こちらのお寺には、新宿に時刻を告げた「時の鐘」が存在します。寛永寺、市谷鶴岡八幡宮の鐘と並び、江戸三名鐘と称されていました。江戸の外れに存在したため、武士が江戸城に登城するにも時間がかかるため、明け六つの鐘を少しはやめに撞いたと伝わっています。
2.新宿御苑 旧新宿門衛所
少し街を歩いて、新宿御苑にきました。こちらの旧乙門は、昭和2年(1927)に建てられた門衛所です。当時の独特のデザイン性や、御苑の歴史的・景観的価値が評価されている建造物です。門を通り、爽やかな緑の景色を横目に、当時の建築法や特徴などを学びました。
3.太宗寺
次に訪れた、浄土宗本覚院の太宗寺は、見どころがいくつかありました。こちらは新宿山ノ手七福神の布袋尊でもあり、入り口を入ってすぐの右手には、江戸六地蔵のひとつ、銅造地蔵菩薩坐像があります。像高は267cmとお地蔵様にしてはかなり大型で目をひきます。また、こちらの寺院には閻王殿(閻魔堂)があり、総高550cmと都内では最大の閻魔像が鎮座。さらにその隣には、さらに恐ろしげな顔をした脱衣婆坐像も安置されています。さらに境内には、額に銀製の三日月を戴く、三日月不動像や、真っ白に塩をかぶる塩かけ地蔵もあります。
4.新宿末廣亭(区地域文化財)
太宗寺から新宿駅方面に少し戻ってくると、途中新宿末廣亭の前まできました。ここは都内に4軒残る落語定席の一つであり、現在も落語協会と落語芸術協会が10日ずつ交代で興行を続けています。昭和21年建造の木造建築で、客席は1階と2階があります。寄席のビル化が進んでいる中で、東京の定席としては唯一の木造建築で、江戸時代の寄席の風情をとどめる建造物です。
5.新宿追分
甲州道中と青梅街道の分岐点で、追分の名前は、今もビル名や、名物「追分だんご」などに見ることができます。
6.伊勢丹新宿店
新宿3丁目にあるデパート、伊勢丹新宿店は、新宿の街並みのランドマークの一つでもありますが、東京都選定歴史的建造物にも指定されていて、じっくりと見るとそこかしこに見どころが満載です。アールデコスタイルのモダンな外装デザインに加え、屋内でも、屋上への階段途中にあるステンドグラス、レトロモダンなデザインの階数表示など、随所にこだわりの意匠がみられます。また、屋上庭園は植栽にも力を入れていて、グリーンの中で一息つくこともできます。
7.新宿中村屋
この日の工程はこれで半分弱。ここでランチタイムをとりました。新宿中村屋で名物のカレーをいただきます。
8.安与ビル/柿傳
楽しいランチタイムを過ごしたあとは、午後の工程です。まず最初に訪れたのは、新宿駅東口の安与ビル。こちらは安与商事株式会社が所有する商業ビル。明治から戦後にかけて新宿東口界隈で成功した事業者、安田与一。その息子、善一が父の記念塔として建設したそうです。息子善一が親交のあった作家川端康成の書を記した額が、エントランスホールに掲げられています。また、川端とのつながりから「美の店」構想がはじまり、一度頓挫したものの、のちに京都表千家に出入りする300年の歴史を持つ仕出し店「柿傳」の流れをくむ茶懐石店が出店することになりました。

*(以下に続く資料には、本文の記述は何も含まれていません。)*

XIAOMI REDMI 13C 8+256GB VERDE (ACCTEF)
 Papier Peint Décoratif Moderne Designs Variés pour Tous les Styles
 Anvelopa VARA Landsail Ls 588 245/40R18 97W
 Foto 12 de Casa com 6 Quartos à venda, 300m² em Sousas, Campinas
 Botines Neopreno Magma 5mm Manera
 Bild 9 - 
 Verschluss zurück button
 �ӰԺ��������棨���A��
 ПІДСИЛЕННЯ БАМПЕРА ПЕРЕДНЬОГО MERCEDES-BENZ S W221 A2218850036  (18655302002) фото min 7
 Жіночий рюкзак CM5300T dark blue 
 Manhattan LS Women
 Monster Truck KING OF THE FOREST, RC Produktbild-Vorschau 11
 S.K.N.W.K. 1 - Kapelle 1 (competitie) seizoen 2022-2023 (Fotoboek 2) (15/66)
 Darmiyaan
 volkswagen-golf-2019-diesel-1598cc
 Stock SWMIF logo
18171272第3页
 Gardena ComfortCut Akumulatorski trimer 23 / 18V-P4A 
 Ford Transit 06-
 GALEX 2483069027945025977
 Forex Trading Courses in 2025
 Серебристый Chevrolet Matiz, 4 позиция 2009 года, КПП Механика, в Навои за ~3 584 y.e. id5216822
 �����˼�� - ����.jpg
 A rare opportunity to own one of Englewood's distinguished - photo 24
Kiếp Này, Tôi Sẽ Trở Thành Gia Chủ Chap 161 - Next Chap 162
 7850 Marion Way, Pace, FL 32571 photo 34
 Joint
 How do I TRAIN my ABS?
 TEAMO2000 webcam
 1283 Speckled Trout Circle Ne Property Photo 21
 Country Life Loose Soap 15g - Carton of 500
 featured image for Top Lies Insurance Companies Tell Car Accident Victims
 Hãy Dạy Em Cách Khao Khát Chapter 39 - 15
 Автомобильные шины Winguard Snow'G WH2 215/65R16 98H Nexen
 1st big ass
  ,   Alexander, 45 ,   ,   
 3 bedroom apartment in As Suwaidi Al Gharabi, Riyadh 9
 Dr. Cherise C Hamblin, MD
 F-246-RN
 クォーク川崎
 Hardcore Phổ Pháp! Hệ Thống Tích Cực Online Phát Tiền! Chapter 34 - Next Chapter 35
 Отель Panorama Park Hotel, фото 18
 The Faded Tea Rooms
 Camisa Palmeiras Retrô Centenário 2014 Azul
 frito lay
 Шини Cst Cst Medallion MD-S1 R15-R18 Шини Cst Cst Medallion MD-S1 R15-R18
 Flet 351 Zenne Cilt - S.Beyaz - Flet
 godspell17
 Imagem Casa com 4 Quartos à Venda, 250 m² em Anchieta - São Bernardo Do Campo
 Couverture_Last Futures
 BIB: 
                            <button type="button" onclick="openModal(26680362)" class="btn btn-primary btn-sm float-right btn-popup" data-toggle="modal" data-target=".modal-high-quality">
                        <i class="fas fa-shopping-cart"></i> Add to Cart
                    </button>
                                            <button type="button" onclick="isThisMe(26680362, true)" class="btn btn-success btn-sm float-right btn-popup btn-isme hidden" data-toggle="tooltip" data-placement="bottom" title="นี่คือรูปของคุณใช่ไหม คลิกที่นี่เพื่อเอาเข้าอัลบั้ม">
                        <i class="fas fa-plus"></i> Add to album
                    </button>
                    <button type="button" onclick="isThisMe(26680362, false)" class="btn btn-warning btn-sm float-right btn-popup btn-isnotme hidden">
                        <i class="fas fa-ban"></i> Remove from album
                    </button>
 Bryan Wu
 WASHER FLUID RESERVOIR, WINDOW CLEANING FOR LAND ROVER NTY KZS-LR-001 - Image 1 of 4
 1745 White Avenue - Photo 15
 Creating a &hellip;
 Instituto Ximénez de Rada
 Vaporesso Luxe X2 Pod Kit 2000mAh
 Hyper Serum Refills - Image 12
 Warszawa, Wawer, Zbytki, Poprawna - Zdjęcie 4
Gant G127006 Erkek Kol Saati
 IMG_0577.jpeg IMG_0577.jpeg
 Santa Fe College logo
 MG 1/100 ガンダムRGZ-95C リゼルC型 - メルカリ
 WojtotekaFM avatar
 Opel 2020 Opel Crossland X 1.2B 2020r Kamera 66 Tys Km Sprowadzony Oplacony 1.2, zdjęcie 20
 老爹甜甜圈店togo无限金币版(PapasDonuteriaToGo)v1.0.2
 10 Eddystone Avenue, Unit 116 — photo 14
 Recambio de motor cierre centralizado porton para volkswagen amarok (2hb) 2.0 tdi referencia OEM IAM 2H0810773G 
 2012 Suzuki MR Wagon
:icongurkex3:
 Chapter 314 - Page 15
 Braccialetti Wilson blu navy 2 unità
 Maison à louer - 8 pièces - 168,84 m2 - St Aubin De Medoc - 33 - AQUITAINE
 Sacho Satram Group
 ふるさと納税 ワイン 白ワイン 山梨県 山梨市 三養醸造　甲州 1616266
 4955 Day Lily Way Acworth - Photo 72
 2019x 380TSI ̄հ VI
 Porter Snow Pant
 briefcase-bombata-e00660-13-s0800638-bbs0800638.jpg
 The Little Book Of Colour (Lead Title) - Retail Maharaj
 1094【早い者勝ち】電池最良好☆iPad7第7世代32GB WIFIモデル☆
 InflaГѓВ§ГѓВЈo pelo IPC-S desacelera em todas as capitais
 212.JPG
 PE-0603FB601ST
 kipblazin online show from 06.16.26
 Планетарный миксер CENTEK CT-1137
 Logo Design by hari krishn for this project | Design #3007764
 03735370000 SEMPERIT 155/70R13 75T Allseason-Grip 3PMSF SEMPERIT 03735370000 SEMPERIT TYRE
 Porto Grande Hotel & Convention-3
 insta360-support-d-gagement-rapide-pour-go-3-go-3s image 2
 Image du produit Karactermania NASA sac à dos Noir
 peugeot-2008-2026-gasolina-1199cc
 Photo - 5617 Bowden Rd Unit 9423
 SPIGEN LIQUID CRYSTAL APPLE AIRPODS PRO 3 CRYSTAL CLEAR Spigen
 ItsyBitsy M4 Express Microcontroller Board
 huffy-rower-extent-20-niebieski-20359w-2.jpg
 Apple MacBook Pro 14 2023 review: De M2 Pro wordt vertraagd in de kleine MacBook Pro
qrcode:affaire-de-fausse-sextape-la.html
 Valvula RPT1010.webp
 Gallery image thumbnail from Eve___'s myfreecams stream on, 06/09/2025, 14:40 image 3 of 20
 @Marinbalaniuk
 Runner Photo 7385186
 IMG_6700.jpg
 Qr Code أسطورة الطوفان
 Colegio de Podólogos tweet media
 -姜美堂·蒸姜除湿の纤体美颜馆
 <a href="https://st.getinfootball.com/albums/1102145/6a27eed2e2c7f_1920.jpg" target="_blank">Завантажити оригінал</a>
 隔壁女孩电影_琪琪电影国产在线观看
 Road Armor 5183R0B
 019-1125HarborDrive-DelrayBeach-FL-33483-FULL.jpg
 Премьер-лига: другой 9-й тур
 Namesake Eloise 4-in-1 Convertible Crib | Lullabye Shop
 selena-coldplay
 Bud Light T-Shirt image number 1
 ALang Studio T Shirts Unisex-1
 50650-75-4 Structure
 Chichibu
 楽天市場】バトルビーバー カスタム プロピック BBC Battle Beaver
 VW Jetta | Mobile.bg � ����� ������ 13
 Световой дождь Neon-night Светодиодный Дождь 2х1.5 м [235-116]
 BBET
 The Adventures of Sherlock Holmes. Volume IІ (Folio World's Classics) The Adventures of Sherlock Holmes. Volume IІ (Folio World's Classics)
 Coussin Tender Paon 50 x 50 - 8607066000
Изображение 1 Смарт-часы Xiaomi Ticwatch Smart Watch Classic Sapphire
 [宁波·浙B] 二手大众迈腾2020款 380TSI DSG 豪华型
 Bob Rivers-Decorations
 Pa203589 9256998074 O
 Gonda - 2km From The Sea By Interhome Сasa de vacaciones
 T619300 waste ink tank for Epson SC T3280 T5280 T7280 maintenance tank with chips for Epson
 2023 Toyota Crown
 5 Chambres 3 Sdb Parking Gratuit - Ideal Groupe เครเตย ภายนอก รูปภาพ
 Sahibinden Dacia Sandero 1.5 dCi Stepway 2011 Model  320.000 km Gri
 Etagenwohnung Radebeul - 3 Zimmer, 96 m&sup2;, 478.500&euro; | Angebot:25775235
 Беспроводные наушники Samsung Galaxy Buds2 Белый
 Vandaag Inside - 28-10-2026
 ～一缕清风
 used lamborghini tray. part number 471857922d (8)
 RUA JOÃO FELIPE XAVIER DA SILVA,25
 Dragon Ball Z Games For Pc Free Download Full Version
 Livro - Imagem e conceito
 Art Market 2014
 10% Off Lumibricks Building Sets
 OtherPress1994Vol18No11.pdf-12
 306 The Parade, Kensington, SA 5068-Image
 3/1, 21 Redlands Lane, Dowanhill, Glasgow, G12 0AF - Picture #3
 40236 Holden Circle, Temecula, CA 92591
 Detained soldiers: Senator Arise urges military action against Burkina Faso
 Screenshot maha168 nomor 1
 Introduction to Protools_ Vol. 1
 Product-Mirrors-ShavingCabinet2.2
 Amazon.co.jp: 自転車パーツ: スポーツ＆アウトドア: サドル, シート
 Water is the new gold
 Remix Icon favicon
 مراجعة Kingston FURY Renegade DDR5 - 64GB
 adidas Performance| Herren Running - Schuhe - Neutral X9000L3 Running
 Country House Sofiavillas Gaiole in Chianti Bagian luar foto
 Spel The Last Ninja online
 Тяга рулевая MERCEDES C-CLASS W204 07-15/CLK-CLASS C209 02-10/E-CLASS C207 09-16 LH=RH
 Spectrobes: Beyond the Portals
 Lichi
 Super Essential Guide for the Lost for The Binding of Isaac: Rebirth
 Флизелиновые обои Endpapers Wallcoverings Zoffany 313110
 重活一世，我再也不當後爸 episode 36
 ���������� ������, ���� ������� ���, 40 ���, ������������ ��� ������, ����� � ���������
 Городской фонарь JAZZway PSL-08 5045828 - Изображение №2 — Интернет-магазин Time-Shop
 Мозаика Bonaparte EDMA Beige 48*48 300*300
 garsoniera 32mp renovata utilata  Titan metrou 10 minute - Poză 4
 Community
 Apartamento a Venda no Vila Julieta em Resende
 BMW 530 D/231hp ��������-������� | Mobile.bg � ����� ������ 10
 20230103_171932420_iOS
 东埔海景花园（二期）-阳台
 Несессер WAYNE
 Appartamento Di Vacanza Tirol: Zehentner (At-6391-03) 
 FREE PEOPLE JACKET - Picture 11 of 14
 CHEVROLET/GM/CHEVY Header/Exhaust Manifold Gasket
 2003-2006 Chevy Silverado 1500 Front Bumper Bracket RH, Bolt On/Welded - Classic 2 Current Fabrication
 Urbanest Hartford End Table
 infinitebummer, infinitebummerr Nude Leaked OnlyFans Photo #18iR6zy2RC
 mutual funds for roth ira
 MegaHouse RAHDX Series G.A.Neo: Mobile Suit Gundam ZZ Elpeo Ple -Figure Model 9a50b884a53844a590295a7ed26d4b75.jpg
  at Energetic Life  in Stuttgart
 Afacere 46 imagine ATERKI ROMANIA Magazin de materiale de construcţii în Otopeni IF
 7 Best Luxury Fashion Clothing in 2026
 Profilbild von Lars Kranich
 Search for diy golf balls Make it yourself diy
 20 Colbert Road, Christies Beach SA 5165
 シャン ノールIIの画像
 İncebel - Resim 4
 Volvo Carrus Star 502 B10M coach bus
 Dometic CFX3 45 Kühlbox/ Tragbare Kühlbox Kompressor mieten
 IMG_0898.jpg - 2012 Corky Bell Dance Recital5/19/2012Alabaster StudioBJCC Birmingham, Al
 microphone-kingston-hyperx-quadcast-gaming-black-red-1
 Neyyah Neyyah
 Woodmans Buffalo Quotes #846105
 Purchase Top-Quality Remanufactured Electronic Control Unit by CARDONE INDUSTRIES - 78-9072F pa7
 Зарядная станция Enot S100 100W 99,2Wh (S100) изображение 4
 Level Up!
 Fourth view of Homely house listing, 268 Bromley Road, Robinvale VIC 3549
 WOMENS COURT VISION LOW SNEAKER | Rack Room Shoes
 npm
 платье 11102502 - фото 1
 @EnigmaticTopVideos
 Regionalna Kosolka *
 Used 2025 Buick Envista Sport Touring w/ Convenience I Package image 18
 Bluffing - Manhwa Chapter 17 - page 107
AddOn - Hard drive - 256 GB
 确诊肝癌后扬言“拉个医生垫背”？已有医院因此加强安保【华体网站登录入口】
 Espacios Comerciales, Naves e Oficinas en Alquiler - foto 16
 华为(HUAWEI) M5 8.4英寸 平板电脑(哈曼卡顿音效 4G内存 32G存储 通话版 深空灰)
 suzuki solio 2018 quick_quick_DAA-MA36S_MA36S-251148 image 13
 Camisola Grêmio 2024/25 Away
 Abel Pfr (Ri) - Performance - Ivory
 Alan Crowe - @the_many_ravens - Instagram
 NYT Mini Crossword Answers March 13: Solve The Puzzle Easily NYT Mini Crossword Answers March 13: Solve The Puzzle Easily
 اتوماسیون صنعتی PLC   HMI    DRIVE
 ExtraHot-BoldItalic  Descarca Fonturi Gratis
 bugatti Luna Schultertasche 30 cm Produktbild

登録有形文化財にも指定されている、和とモダンが融合した商業ビルです。
9.常圓寺
ここから一気に西口に移動。高層ビル群の中にたたずむ、寺院常圓寺を訪れました。こちらには唐橋在綱子爵墓、加賀藩士水野徳三郎寛友墓、建築家辰野金吾・室秀子夫妻の墓など、著名人の墓所が在ります。書院は昭和27年に日野市豊田の豪農の母屋を移築したもの。また、常圓寺の西隣の常泉院は寛文年間に日得上人が創建したもので、左手に子を抱き右手に宝珠を持った木造の鬼子母神像を安置されています。
10.旧淀橋浄水場蝶型弁
新宿住友ビル構内にも、貴重な文化財が残っています。昭和40年に廃止された淀橋浄水場で使用された内径100cmの鉄管に蝶型の止水弁がついた配水バルブです。中央部には東京都水道局のマークと「昭和12年」という文字が刻まれています。傍らの壁面には「東京都水道発祥の地」の銘板も飾られています。
11.東京熊野神社
新宿中央公園に隣接した東京熊野神社。こちらは、中野長者と呼ばれた鈴木九郎が故郷である紀州熊野三山より十二所権現をうつし祀ったものと伝わっています。一説によると、この地域の開拓にあたった渡辺興兵衛が、天文・永禄年間の熊野の乱に際し、紀州よりこの地に流れ着いて熊野権現を祀ったともいわれます。江戸時代には、熊野十二所権現社と呼ばれ、幕府による社殿の整備や修復も何回か行われたそうです。享保年間には八代将軍吉宗が鷹狩りを機会に参拝するようになり、滝や池を擁した周辺の風致は江戸西郊の景勝地として賑わい、文人墨客も多数訪れたそうです。
12.東京都庁・都民広場
最後は言わずと知れた新宿西口の最大のランドマーク、都庁です。こちらは昭和63年4月着工、平成2年12月に竣工されました。設計は建築家の丹下健三。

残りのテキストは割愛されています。